Shane White is an unlikely person to be standing up with the police
and delivering a message against P.

After all, he spent nearly 10 years in Auckland Prison at Paremoremo
for murder and for a long time thought anyone in a blue uniform was
the enemy.

Not everyone approves of the Tainui 37-year-old's involvement in Te
Pakanga o Te Ngangara (the Meth War), an effort by police and Maori to
raise awareness of P's dangers.

"There's a few Pakeha cops who don't like the idea that this bloody
criminal's up there championing some sort of cause with them," said Mr
White, who was 19 when he killed a man he claimed had raped his sister.

The tough-talking West Aucklander has been travelling the country for
three months with police iwi liaison officers from Waitakere and North
Shore and representatives of Hoani Waititi Marae in Glen Eden.

When not on the road, Mr White teaches at Hoani Waititi and is
studying for a degree in Maori studies at Auckland University of Technology.

A striking figure with long black hair and a warrior's frame, Mr White
takes a deep breath before addressing the 100 or so people gathered at
a session for university students.

He tells how two of his friends have killed themselves after getting
hooked on P. One man hanged himself, the other stabbed himself 38
times. Mr White, who admits to having tried P, has no answers. All he
knows is that the drug is everywhere.

The tangi for one of the men was held in a town he said had "one
marae, three houses, no shop, but you could still buy P".

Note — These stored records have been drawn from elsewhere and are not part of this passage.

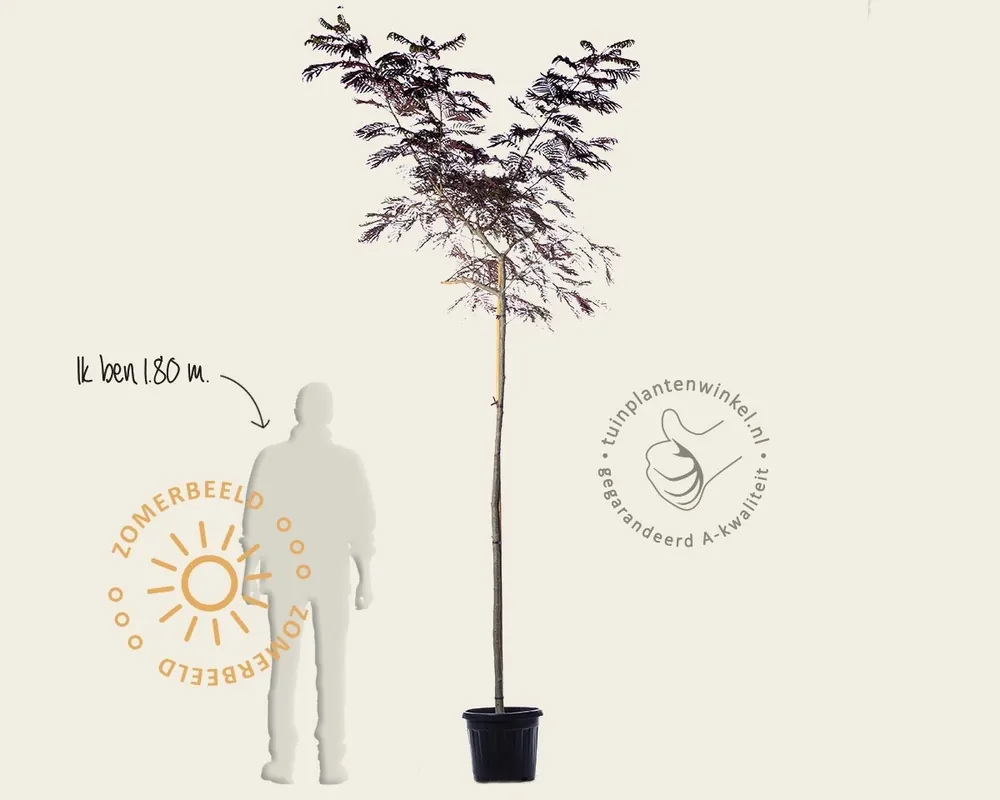 Albizia julibrissin ‘Summer Chocolate‘ - hoogstam | Nieuw in de shop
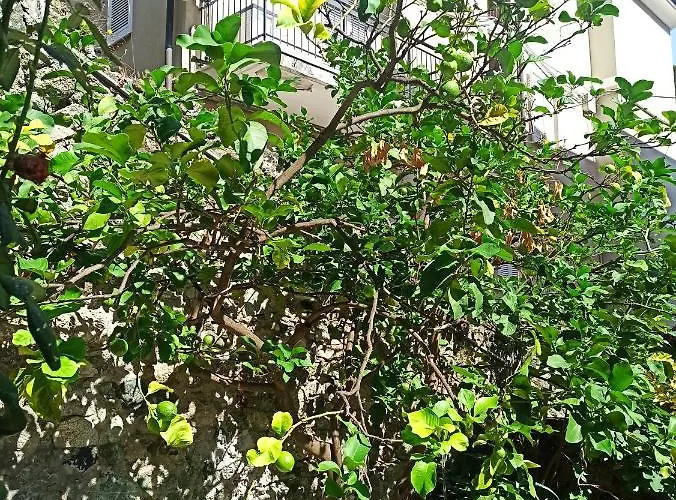 Lemons House *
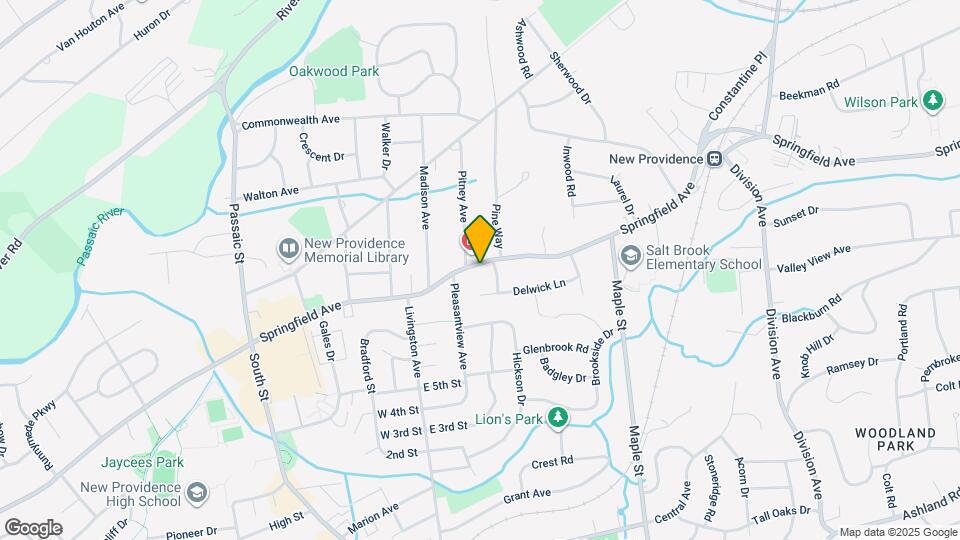 1072 Springfield Ave Map and Location Details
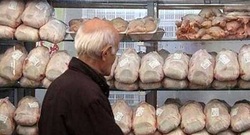 چرایی افزایش قیمت مرغ از زبان یک عضو کمیسیون کشاورزی مجلس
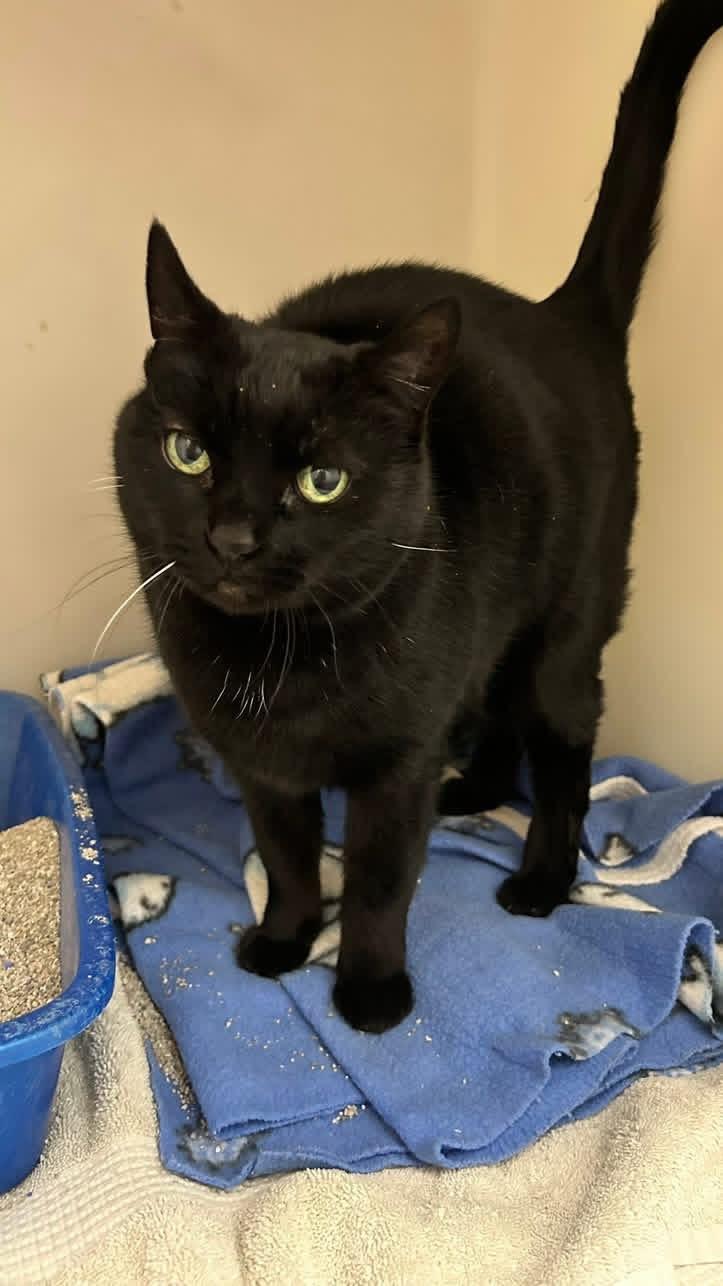 Enlarge Shadow , a ADOPTABLE Domestic Short Hair in Howes Cave, NY image 2/4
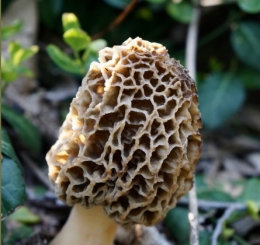 Mushroom Hunting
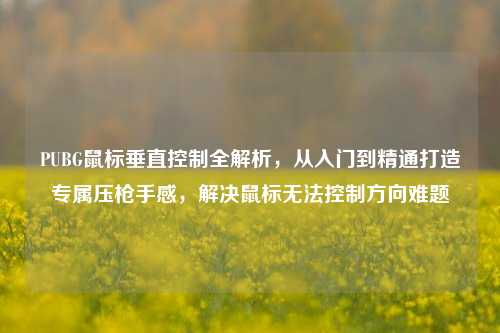 PUBG鼠标垂直控制全解析，从入门到精通打造专属压枪手感，解决鼠标无法控制方向难题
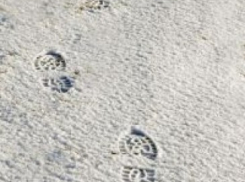 Полицейские Верхнехавского района задержали вора по его следам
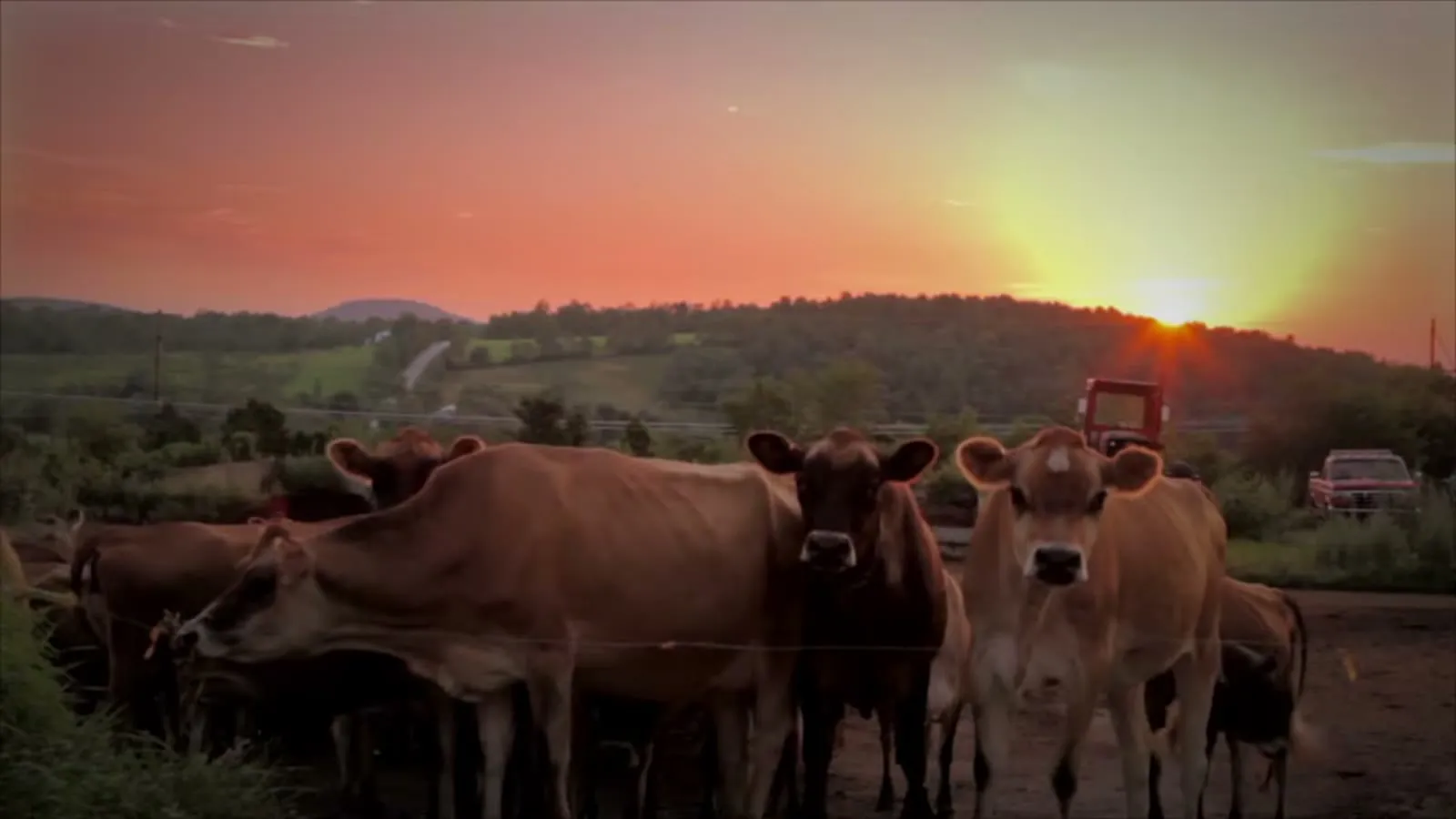 Jersey cows at sunrise on a Maine dairy farm, a color-graded frame from the Stone Fox Farm Creamery film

Later he said he was something of a reluctant messenger. Looking worn
and vulnerable in a woollen hat that shrouds his hair, he said he
agreed to join Te Pakanga only because of the damage P was doing to
those closest to him.

Hoani Waititi, where Mr White works with teenagers who have been
kicked out of school, has adopted a strategy of keeping young idle
hands busy to stop them using P.

"We just try to fill up their day, get in their day as much as you
can, so at least you know when you're there, they're not [using it],"
he said.

Whether the strategy will work he doesn't know. But Mr White said
success tended to be measured in small doses at the marae.

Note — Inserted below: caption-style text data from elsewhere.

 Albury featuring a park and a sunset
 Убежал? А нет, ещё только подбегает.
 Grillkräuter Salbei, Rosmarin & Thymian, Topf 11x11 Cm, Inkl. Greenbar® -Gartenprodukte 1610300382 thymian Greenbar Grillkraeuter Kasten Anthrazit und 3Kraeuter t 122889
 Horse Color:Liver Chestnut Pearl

"We have so many people that are walking tightropes, close to falling
into jail. There's people here that are right on the edge, that are
trying their hardest to have a lifestyle change."

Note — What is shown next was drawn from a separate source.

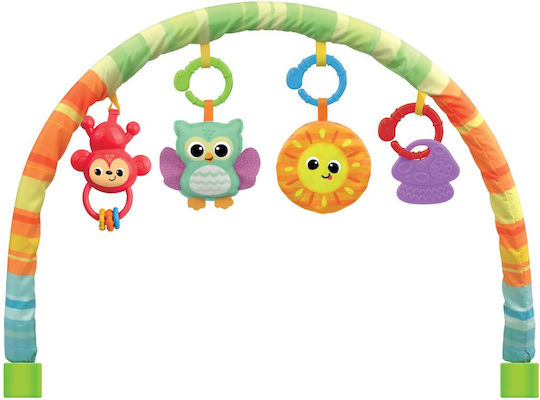 Winfun Baby Activity Gym for Newborns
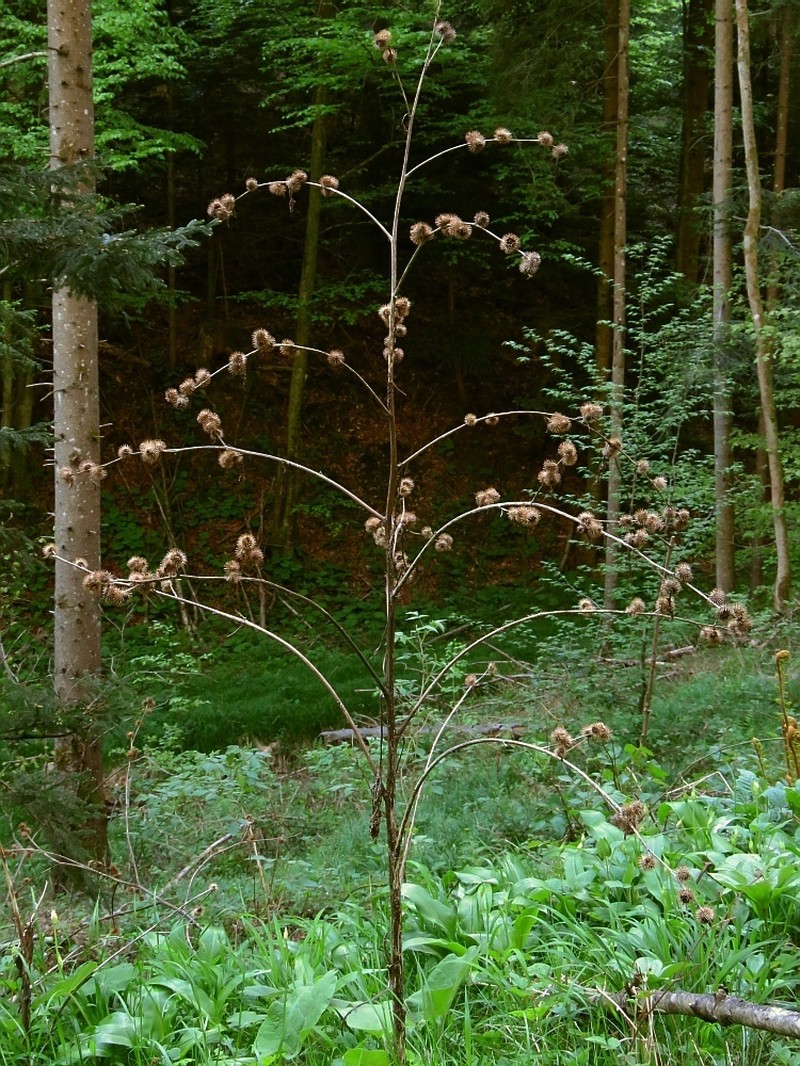 Arctium nemorosum photo 6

Mr White, married with a 3-year-old daughter, proves it's possible to
change. He grew up in a family of nine. As a child, he remembers
piling into his parents' old Humber 80 to go and steal apples from an
orchard for dinner.

At 14, he was expelled from school. Bored by work as a painter, he was
soon doing time for car theft.

By the time he shot the alleged rapist in the chest, prison had become
a way of life. "I got to the stage where I accepted doing six months
of the year in jail," he said. "I knew everybody there." Mr White was
sombre when talking about the murder.

"I regret it. I wish I didn't shoot him," a pause, "in the heart. Now
I wish I shot him in the knees. I think, well, you know, it might have
even been worse."

Maori educationist Pita Sharples, one of several people who campaigned
for Mr White's release, said: "In the prison his crime had a lot of
mana because he killed for his sister."

Mr White spent the first years of his life sentence stoned and getting
into trouble, his only aim to set a record for the most misconduct
reports.

But an elderly Maori prison volunteer named Anatia saved him. She
taught kapa haka performing arts and encouraged Mr White to get in
touch with his culture.

"She said, 'Who the heck are you? You're not just Shane White. And if
you are, then oooh, you've got to get something else to put in your
kete [kit] because you're a bit empty there'. She was awesome," he
said.

Mr White began learning Maori and earned nine anger-management
certificates. Dr Sharples, who has worked with many young Maori
prisoners, took notice of his efforts.

"I knew he had real potential," he said. "And now he's
delivering."

Te Pakanga team member Constable Andre Morris said Mr White made kids
think twice about using P and committing crime. "He's been there as a
teenager. It's real."

Mr White said he finds it hard dealing with people who are personally
affected by P. "It's terrible because they all come up and cry and
give you these really terrible stories and say, 'Fix it up'. "I can't."